On the other hand, assuming this latest deal can be closed, and the bank come through with the other money, SOU can see its way to Phase 2 production which has to be good. TE4 volumes, if realised, would add about 75% to the ultimately recoverable value for the horst which offsets some of the value given away. More certainty is good. But I don't see any of this increasing the target SP price in the short to medium term. SOU will have to navigate its debt commitments very carefully. Any delays to Phase 1 will leave it needing yet more funds next year.
LOL. Someone had a lot of time on their hands but I like it.
His comments in earlier blogs merely said that BEY was rubbish at organising a farmout and that the loan note would result in a "death spiral" whereby Goodman acquired control of the company. He never suggested Ryan would refuse the lease undertaking, so any claim that he had a crystal ball is revisionist.
Biz Post: Directors of Barryroe Offshore Energy consider winding up firm as it faces insolvency
https://www.businesspost.ie/news/directors-of-barryroe-offshore-energy-consider-winding-up-firm-as-it-faces-insolvency/
As someone who will lose a packet, I thank god this old dog is about to put out of its misery. Successive management have been worse than useless -- their only talent was to play PIs like a fiddle -- and the latest bunch have been the worst of the lot. I don't recall the current CEO putting out one scintilla of information other than what was mandated. I always thought the latest placing was a bad joke, allegedly an "opportunity for shareholders to continue to fully participate in the Barryroe project" which was a sort of strange euphemism for "you will be immediately diluted by 90%". Now it turns out that the placing and EGM were timed for exactly a month before BEY would be completely flat broke. The supreme irony is that the plan was stymied by the equally useless Eamon Ryan. All that remains is for Goodman to buy the whole thing for £1 for some tax avoidance scheme, and the whole pathetic saga will be finally over.
Ryan's ass is well covered by his decision to engage external consultants. I quote:
"I, the, the, we did an assessment including a lot of independent outside experts to give a very independent and a rigorous view. We did not rush this, it wasn't done on a political basis it was done on a purely rational assessment by the department of whether the project was, was able to meet its conditions as set out in the license agreement, a view clearly and strong advice to me that was, was it wasn't and, and, that's part, that wazzizza said, eh, eh, the decision that ..."

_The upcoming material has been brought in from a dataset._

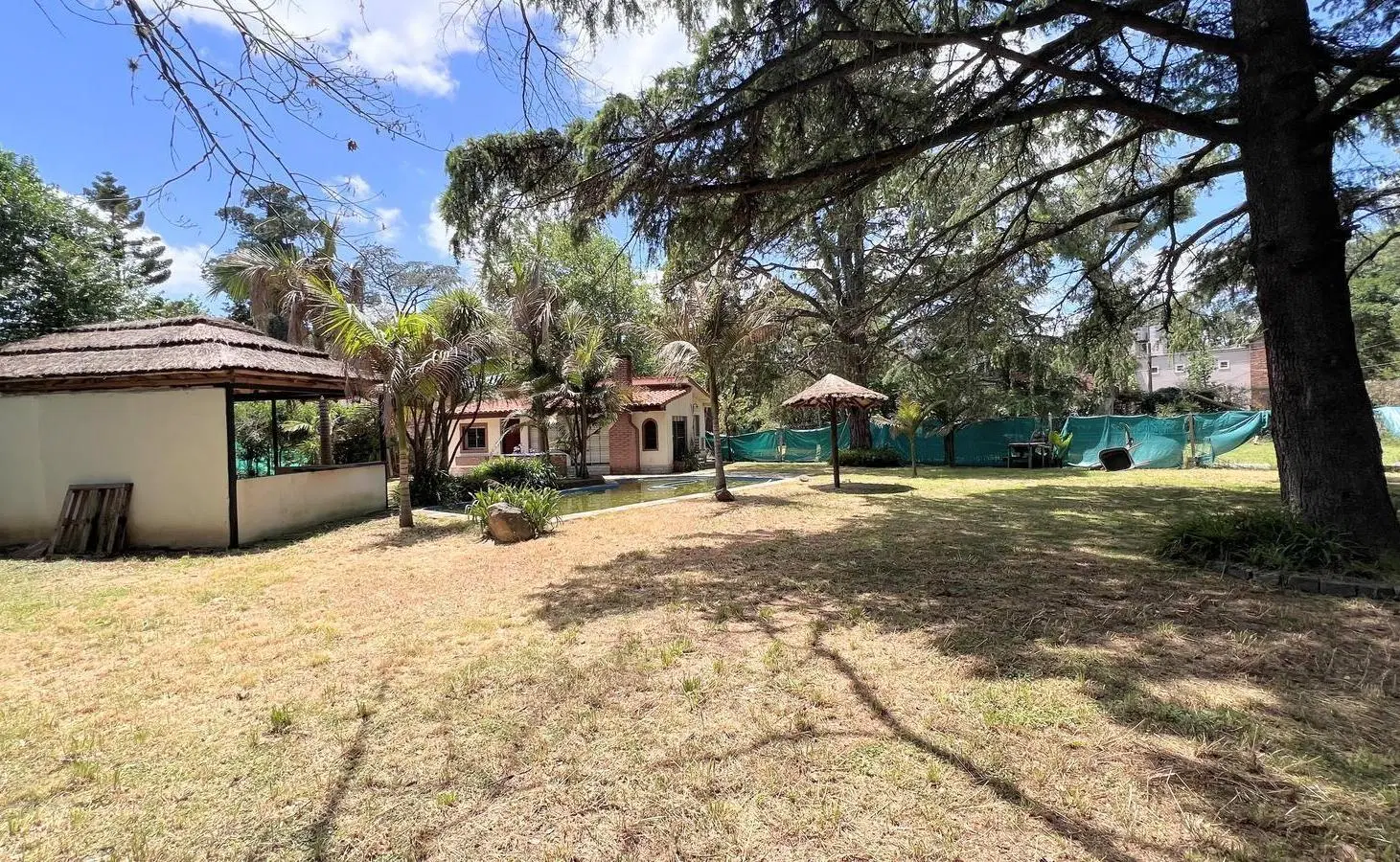Casa quinta en alquiler en Parque Leloir 4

He may be a moron but he's a cunning one in the style of Baldrick. No court is going to determine that Ryan was "malevolent". They can only determine if he applied the law as it is written. And that's a problem since the law leaves a lot up to the discretion of the minister. I would think the main argument against Ryan would be that he misapplied the investment cover clause of the guidelines since BEY came up with alternative specific financial arrangements (the loan note) as allowed under section 7. But the onus is on BEY to prove the sufficiency of this and "iut will be at the Department’s sole discretion as to whether such reasoning and evidence is satisfactory" .
But like I said, the cause for pessimism doesn't hinge on any of this. Retail shareholders are getting wiped out regardless.

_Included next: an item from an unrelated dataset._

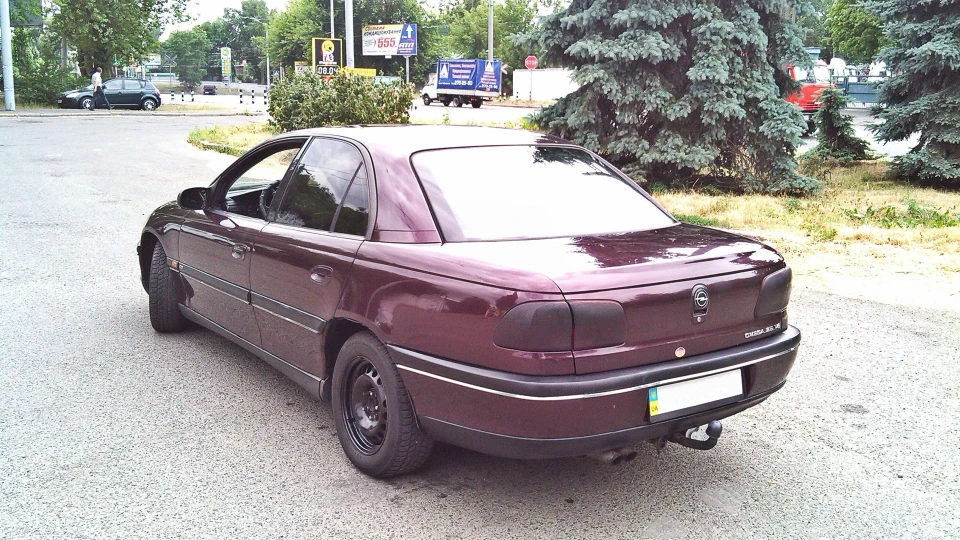 Opel Omega Бізнес-клас 90-х 4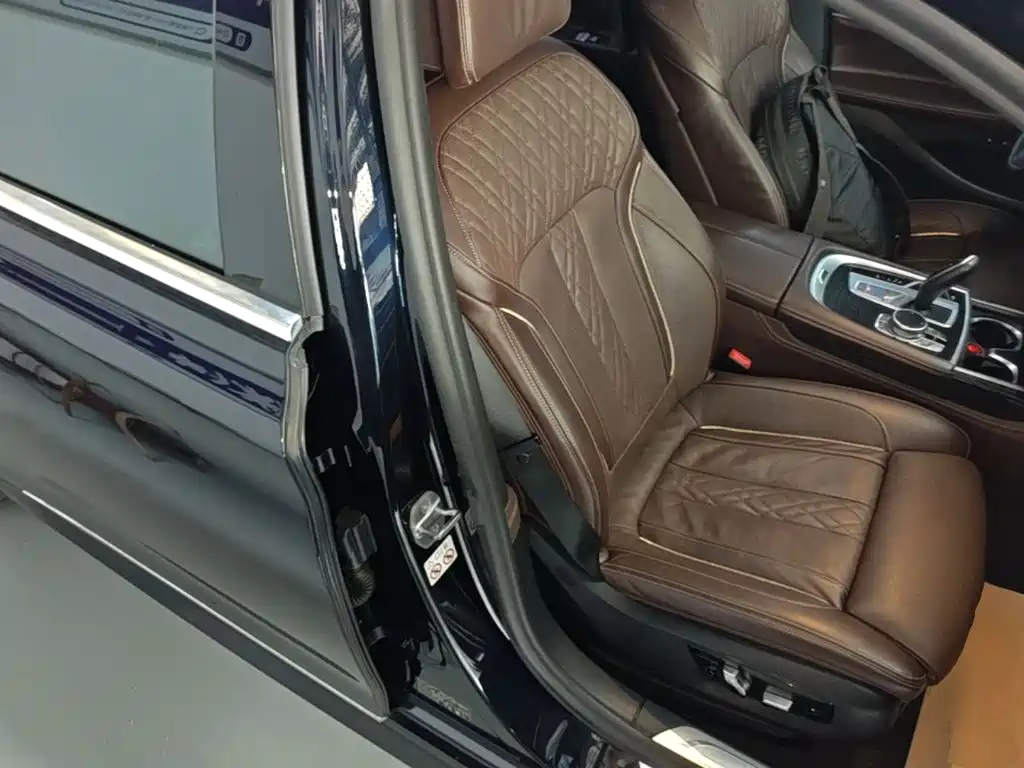 BMW 7 Series — фото 25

This is nothing like the Rockhopper case. Nobody in that case disputed that Rockhopper were entitled to a license, or that the Italian government's legislative change amounted to an expropriation. The only thing in dispute was how the lost license should be valued.
Here, Ryan is saying that BEY/LOGP is not entitled to a petroleum lease at all on the basis of financial capacity. A claim for compensation under the ECT would therefore have no chance unless DECC's assessment was first challenged and overturned. A judicial review sounds like a better bet as it might assess whether Ryan invoked 6.2 of the guidelines to the total exclusion of 7.a.

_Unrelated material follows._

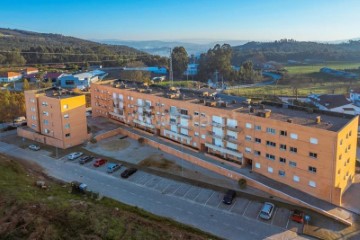 Apartamento 4 Quartos em Lustosa e Barrosas (Santo Estêvão)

The problem is that the guidelines leave certain things up to the opinion of the minister. How do you argue that the minister has the wrong opinion? The bottom line is that the whole set of exploration legislation was predicated on the government having an open and welcoming attitude to exploration and extraction (as it says itself in the preamble to the legislation).
To be honest, none of it really matters. Retail shareholders were about to get obliterated by the upcoming fund raise. The current state of affairs just means that'll either be delayed for a few years or (more likely) forever. None of them are going to get any money back.
The very act of commissioning an external report was clearly a premeditated ass-covering exercise against accusations of political motivation. It's what government departments are famous for -- shelling out big bucks for a leather-bound consultant's report so that nobody internal is ever held accountable. And since the report was on his desk last June, how could it possibly have factored in Goodman's money which didn't surface until after Ryan's hastily cobbled-together ultimatum issued on the last day of October? His pre-prepared excuse that "it wasn't done on a political basis it was done on a purely rational assessment" sounds like the transparent lies of a child caught with his hand in the cookie jar. It's frustrating that such a dribbling moron holds such sway.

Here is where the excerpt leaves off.